Let N be a note group. The dual group to N, N` = Hom(N, Z) had

elements I called "ets". I think a better name would be *vals*, since

these are generalized valuations. An et is a val which is close to

being the real valuation, or valuation at infinity, on some p-limit

group N_p. The dual group of a note group is its *val group*, it is a

finitely generated free group isomorphic (non-canonically) to its

dual. The dual of a val group is its note group. If N_p is the

p-limit note group we will call the dual group to this, N_p`, the

p-limit val group.

Let p be a prime and N be a note group representing (exactly or

approximately) notes in the p-limit, and let N_p` be the p-limit val

group. If the number of primes up to p is n, then N has rank k <= n.

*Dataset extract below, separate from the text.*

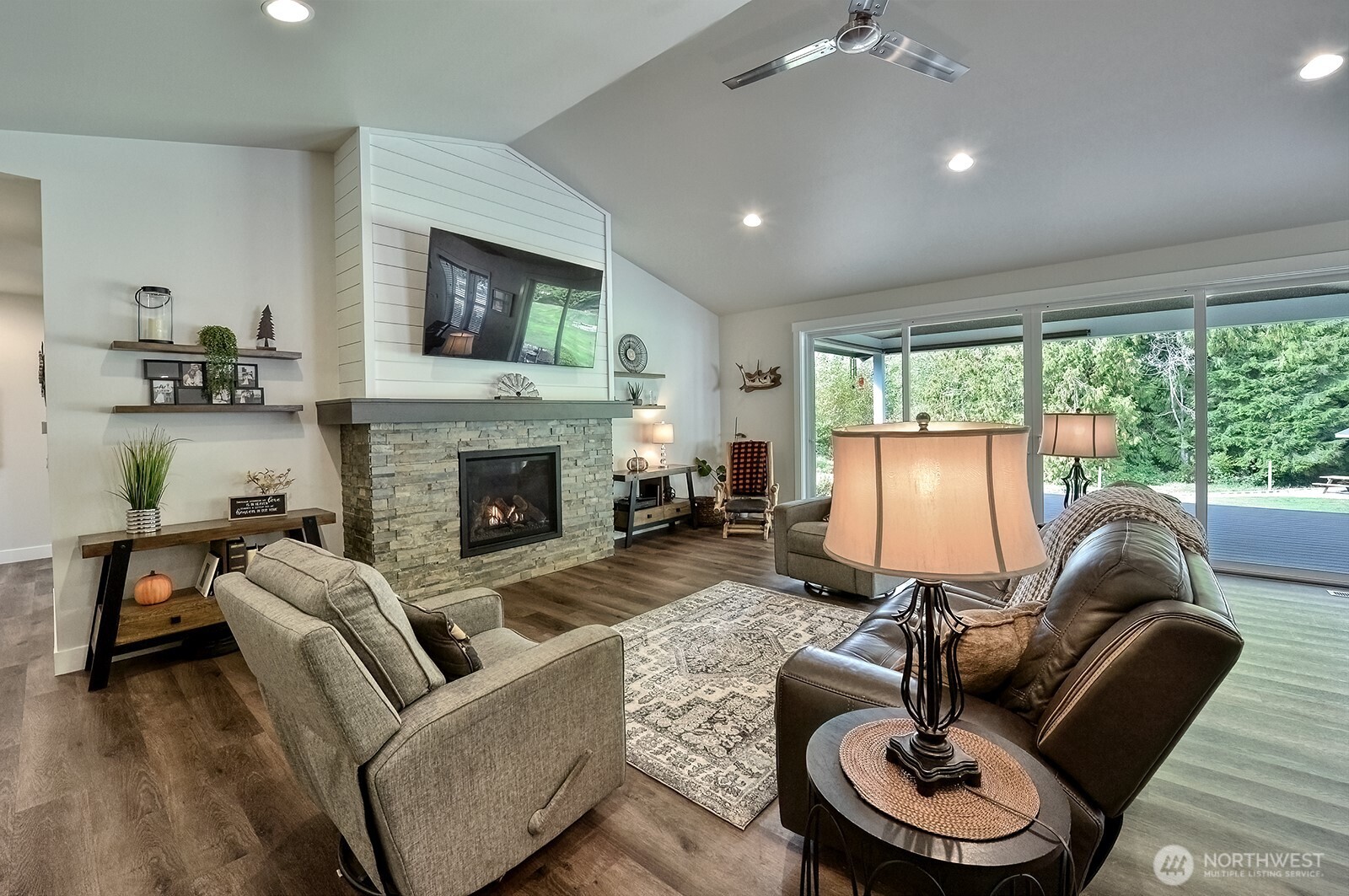 19443 Oakleaf Lane Sedro-Woolley, WA 98284 - Photo 15 of 40 a living room with furniture a fireplace and a floor to ceiling window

Suppose {g_1, g_2, ... g_k} are k vals in N_p` which generate a

vector space of dimension k and such that any Q-linear combination,

(that is, any e1*g1 + ... + ek*gk where the coefficients are rational

numbers) which belongs to N_p` is a Z-linear combination (that is,

the coefficients are integers.) Then we define the k-tuple of vals

[g_1, g_2, ..., g_k] to be a *notation* for N. The elements of N are

thereby given musical meaning in a different way than by giving a

tuning for N; we can give N a tuning, a notation, or both in order to

make it musically meaningful.

If q is a rational number which when factored into primes has p^e as

the factor corresponding to the prime p, then a standard definition

of number theory defines the p-adic valuation v_p by

v_p(q) = e.

If we apply this to N_p, where 2^e2 * 3^e3 * 5^e5 ... corresponds to

[e2, e3, e5, ...] then v_2([e2, e3, e5, ...] = e2,

v_3([e2, e3, e5, ...] = e3 and so forth. These v_p are therefore

vals, and it seems reasonable to use this same standard notation. We

therefore obtain a notation for N_p which consists of

[v_2, v_3, ..., v_p], which as a matrix is the n by n identity

matrix. This notation is the identity notation. In general, if the

notation consists of k vals in an N_p` of rank n (meaning there are n

primes <= p) then it may be written explicitly as a matrix with n

rows and k columns.

To take a more interesting example, suppose we define vals g_2, g_3

in N_5` by

g_2([a, b, c]) = a-4c,

g_3([a, b, c]) = b+4c.

If u is a note in N_p, then g_2(u) defines how many octaves and g_3

(u) how many twelfths in a meantone system we require to get to the

note associated to u; [g_2, g_3] is therefore a notation for the

meantone note group. As a matrix, this notation is

[ 1 0]

[ 0 1]

[-4 4].

We get a different notation for the same group from [h_7, h_12],

which tells us how many steps respectively in the 7-et and in the

12-et the note u is represented by; as a matrix this notation is

[ 7 12]

[11 19]

[16 28].

The matrix

[ 7 12]

T = [11 19]

transforms a note in the first notation to the same note in the

second notation; the fact that the matrix T is unimodular (that is,

that |det(T)| = 1) shows that T is inevitable and the two notations

define the same meantone note group. The inverse matrix

[ 19 -12]

T^(-1) = [-11 7]

transforms something in the second notation back to the first. Hence,

for instance if [1, 2] is one step in the 7-et and two steps in the

12-et, [1, 2] T^(-1) = [-3, 2], which corresponds to 9/8 in a

meantone system (so 10/9 and 9/8 are represented by the same note)--

in other words, a full tone. A tone (in this sense!) is, as we might

expect, [1, 2] in the [h_7, h_12] notation.